Hiring a lawyer is a difficult decision. Many people are intimidated or nervous when first talking to a lawyer. If you call us, you will talk to a legal assistant who will answer basic questions and, if you wish, schedule an appointment, or you will talk directly with a Raleigh criminal lawyer. We offer free consultations.

I often am asked, whether someone should hire a lawyer, or should request a court appointed lawyer or public defender.

First, it’s important to note that public defenders – that is the lawyers who are employees of the Wake County Public Defender’s Office – are dedicated professionals who work hard for their clients. Some people are under the misapprehension that they are not lawyers, or not good lawyers.

Nothing could be further from the truth. Just there are good and bad in any profession, there are excellent lawyers who work for public defender offices, and also lawyers who are not as good. There are also excellent private lawyers, and also private criminal defense lawyers who are not very good.

The issue, generally, with public defenders is not whether or not they are good lawyers, but case loads. Lawyers who work in public defender offices often have very high case loads, which means that they may not have as much time to devote to each individual client.

If you are not appointed a Public Defender, but request a court appointed lawyer, you will be assigned a lawyer from the appointment list. In Wake County, the Indigent Defense Service has established contracts and put them out for bid.

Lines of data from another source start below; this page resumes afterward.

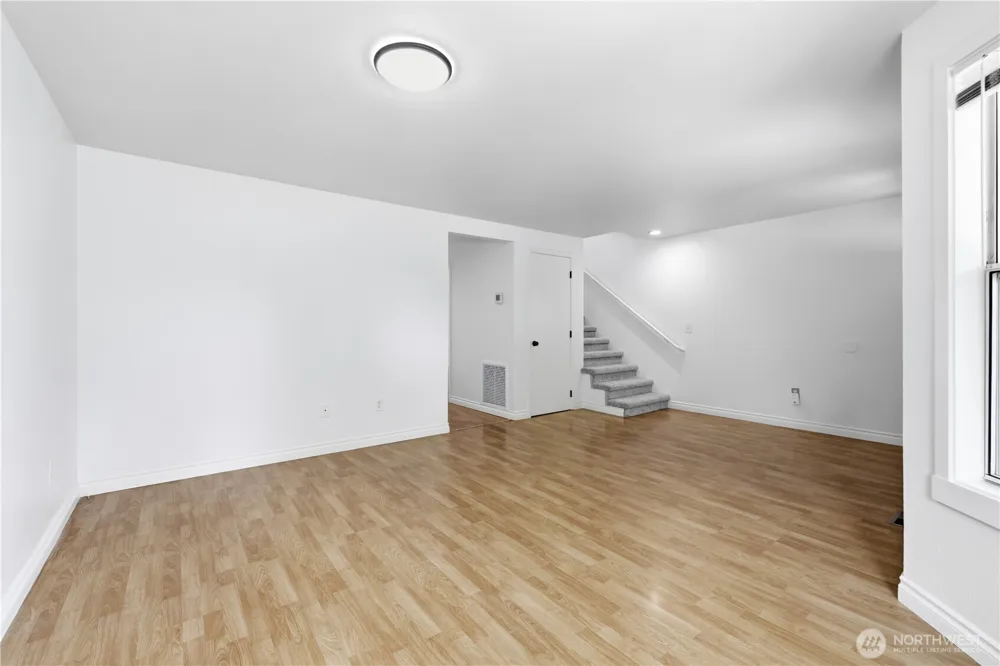4181 244th Place SE Sammamish, WA 98029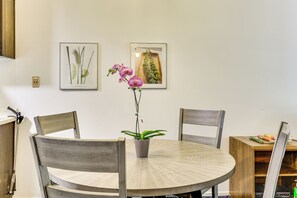 Apartment (2 Bedrooms) | Interior - Walk to Beach! Alameda Condo w/ Pool Access (Alameda)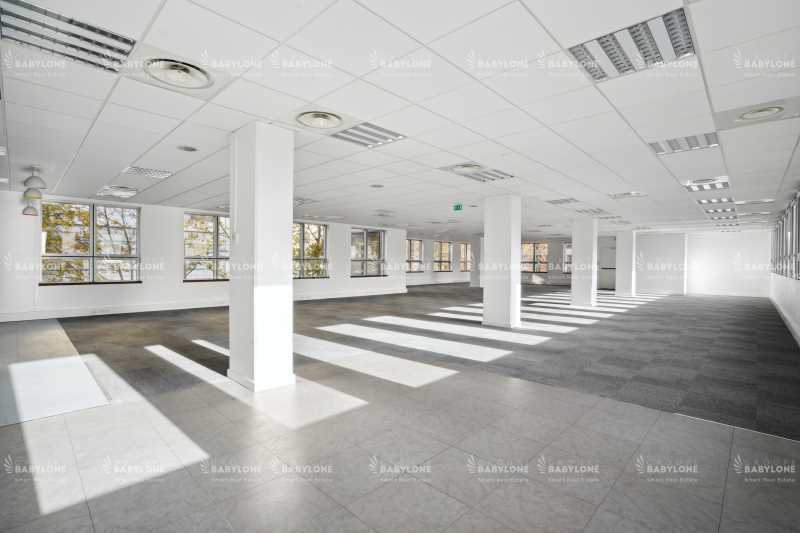259-261 Rue De Paris, Montreuil for sale - Interior Photo - Image 3 of 12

In the case of misdemeanors, a private lawyer who has a contract unit for court appointed cases is likely to receive 100 or more appointments over the course of the year-long contract, during which he is paid $17,000.

While $17,000 seems like a lot of money, it is not when you consider that at 100 cases, the average payment per client is $170 per case. Given that it may take an hour or two to resolve a misdemeanor case – and in many cases, I spend much more time on a misdemeanor than that – an attorney on a misdemeanor case is making approximately $50 to $60 an hour.

Given that the lawyer must pay taxes, staff, travel expenses, the effective payment per hour on a misdemeanor case is likely not much more than $10 or $15. Of course, these figures are guesstimates, and some lawyers may make slightly more than that.

The result is that court appointed lawyers are woefully underpaid. And public defenders are woefully overworked. While there are great lawyers out there who do dedicated work to help their clients, it’s important to consider these issues when you decide whether you want to hire a lawyer or apply for a court appointed lawyer.